A few thoughts whilst reading through the thread...
At least in the radio-control world, where my experience lies, large electric setups running at up to 5 horsepower or so are now quite common. A typical setup for an electric helicopter may have a 500g motor putting out about 4 kW. Over the past year or two they suddenly came of age. They're clean, reliable, quiet... last time I showed up at a flying field there were no IC engines in sight. The only maintainence they need is to lubricate the bearings - though motors to drive large propellers may be lighter and more efficient if they also incorporate a gearbox, which would obviously increase complexity. The main failure modes are for the bearings to give up, to shed rare-earth magnets which are epoxied into place, or if they're overheated then the magnets weaken.
Brushless motors from reputable brands are very reliable - unfortunately the same can't be said for the speed controllers (ESCs) that drive them. If they go wrong, they have a nasty habit of starting battery fires and burning out expensive motors. They often cost more than the motors they drive, and judging by the number of product recalls, designing a reliable one can't be nearly as easy as it looks. The basic circuit involves bridges - i.e. two switches in series which, if both turned on at the same time, will short circuit the battery.
Cooling is a perfectly tractable problem. One of the great advantages of an 85% efficient motor is that it generates much less waste heat than an ic engine of equivalent power output - you don't need to remove 100kW of heat from a 100kW motor as someone mentioned previously. Most model aircraft motors incorporate centrifugal fans, though I'd wonder whether these would still be effective on a propeller driven aircraft operating at a much lower RPM.
Rare-earth scarcity is going to be an issue in the short term. It's already pushing the prices of brushless motors up quite considerably. Prices for small motors have just about doubled over the past 5 years. However, new mines will come on line in the next few years, and there are research projects to develop magnets based on the commoner rare earths. My guess is that this will be a much bigger issue for cars than aircraft where cost will be less of an issue, and weight more important. At present, a 5KW motor costs about £150. Lithium scarcity (for the batteries) is another potential problem.
I don't really know enough to comment on whether electric aircraft will cause problems for electricity grids. I suspect not - for pleasure flying, overnight charging will probably be practical. Airfields could have on-site generators. Batteries in aircraft that had been charged overnight but were not currently in operation could be used to charge other aircraft by day. Microlights that only get used once a week for an hour of pleasure flying could possibly get by with a big solar panel.
Electric motors are different from IC engines. They're physically smaller for the same power output. After a certain size, big motors aren't much more efficient than small motors, and two smallish motors aren't much more expensive than a single bigger motor because a lot of the cost is in the materials - they're mechanically much simpler than IC engines of any variety.
Batteries are also different from fuel. They don't get lighter as you run them down.
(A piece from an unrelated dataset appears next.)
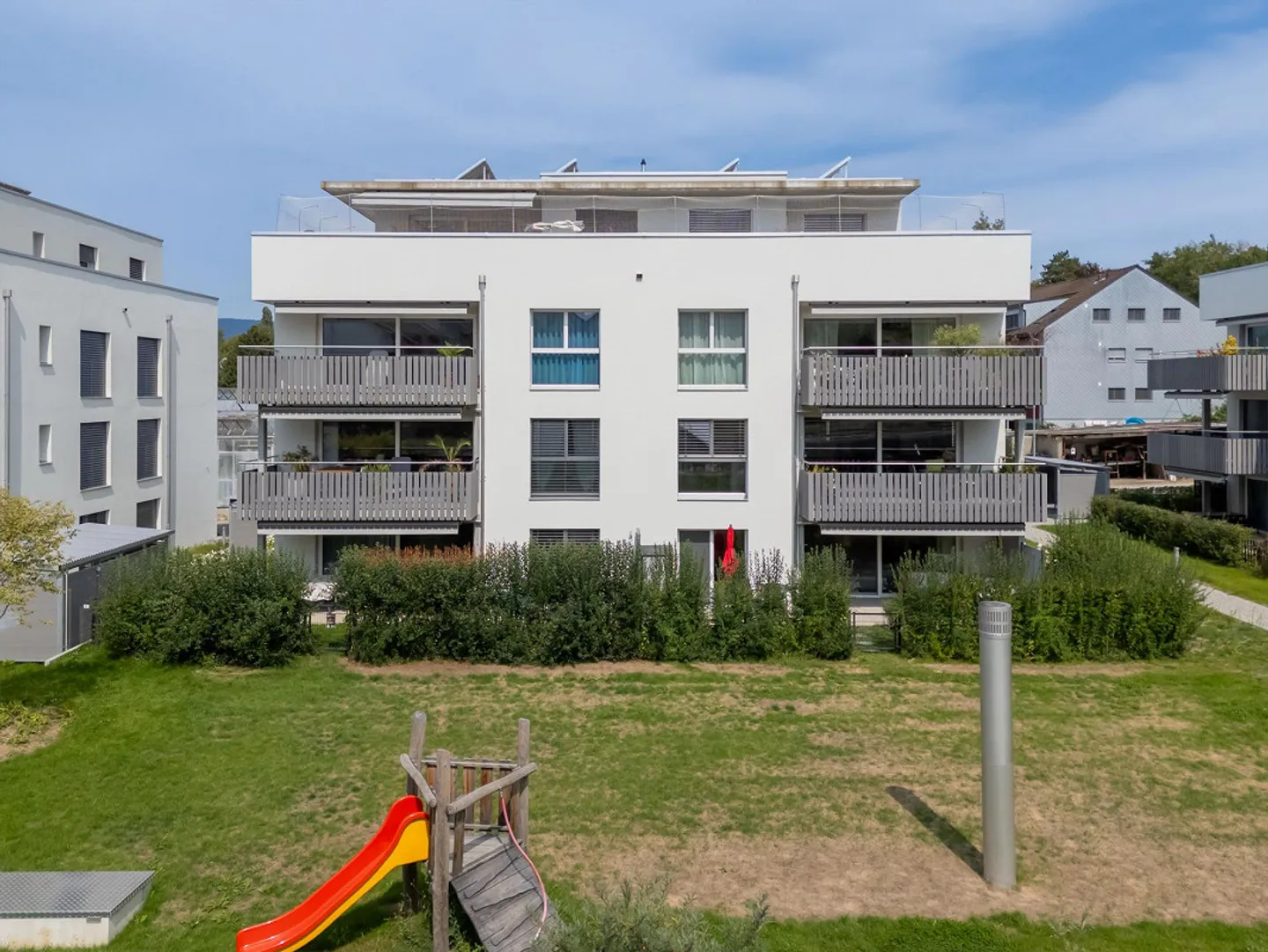 Appartement moderne de 3,5 pièces avec jardin à Ins - Photo 11 sur 14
On the upside, this means that their center of gravity doesn't change and their placement in a new-design aircraft can be more flexible. We've talked a lot about energy density, but something that has only been touched on is that power density for an electric aircraft is potentially much greater than for an IC one - even a jet. My model helicopter's batteries can supply 60C at 36v at a weight of 1kg and a total capacity of 4 amp hours. In other words, about 10 horsepower per kilogram... for a whole minute. A 10 horsepower motor will weigh another kilogram... so all in all we get about 5 horsepower/kilo. 200 kg of batteries and motor... 1000 horses, instantly available at practically any altitude. This might not be sensible, but in between this hypothetical aircraft and the electric motor gliders currently being built, there may be some rather interesting compromises.
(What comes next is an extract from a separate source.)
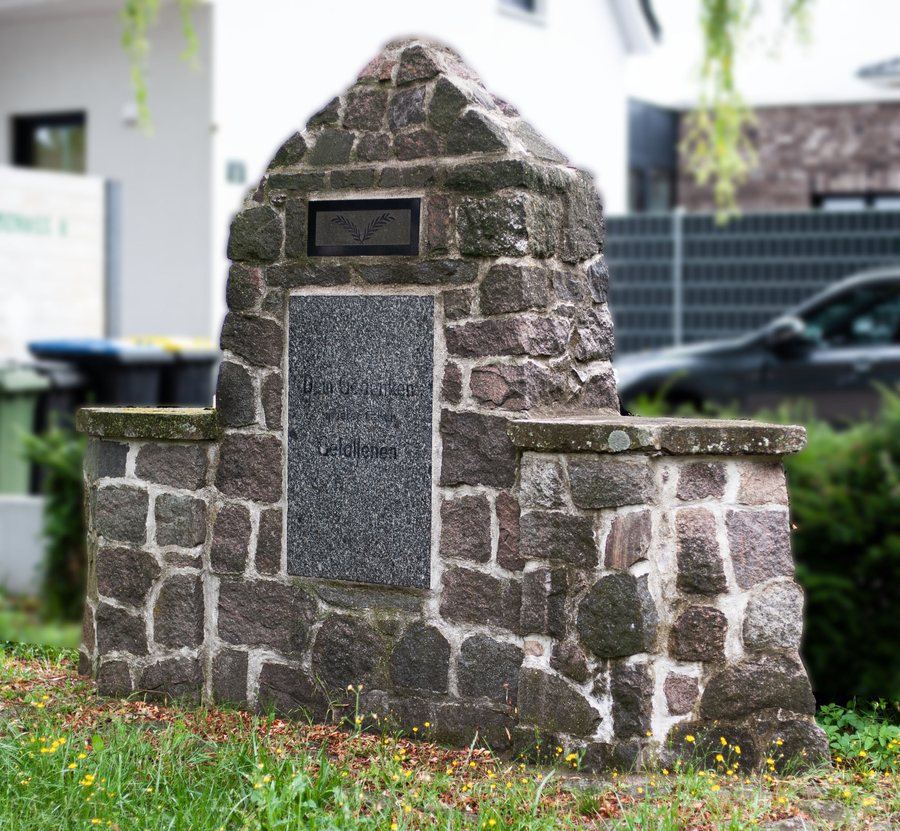 File:Denkmal kritzmow.jpg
So, whilst in many cases it might be straightforward to bolt them on to existing airframes, aircraft designed for electric power from the outset will probably look quite different from existing models. You could build a twin or triple with very minimalist engine pods that cost very little more than a single. You could perhaps build a 500kg ducted fan aircraft that would outfly most military aircraft, for a while minute. An electric VTOL jump-jet. A simpler gyrocopter with one motor to do the pre-spin, and a separate motor for the propeller. With regenerative charging of the batteries, you could slope soar for an hour or two and generate enough power to do a long cross country flight.
Batteries, unfortunately, are the key. Lithium polymer batteries only last a few hundred charges, even when you take good care of them. A123 lithium-Fe batteries are much better and can last thousands of charges, but weigh about 20% more per unit of usable energy (if you discharge LiPo past 85% of rated capacity their lifetimes are shortened considerably - LiFe are much more forgiving). Lithium polymer also burst into a ball of flames if you puncture them, but you can drive a nail through an A123 battery and it just gets mildly unhappy. The last I heard, Lithium air batteries had the capacity, but not the discharge rates required for sustained flight, but I haven't looked into it for a while. Anyway, if we ever do get a battery with the capacity of Li-air and the robustness and safety of A123, then things could get quite exciting, though I agree it's likely to take a little while for the changes to percolate through.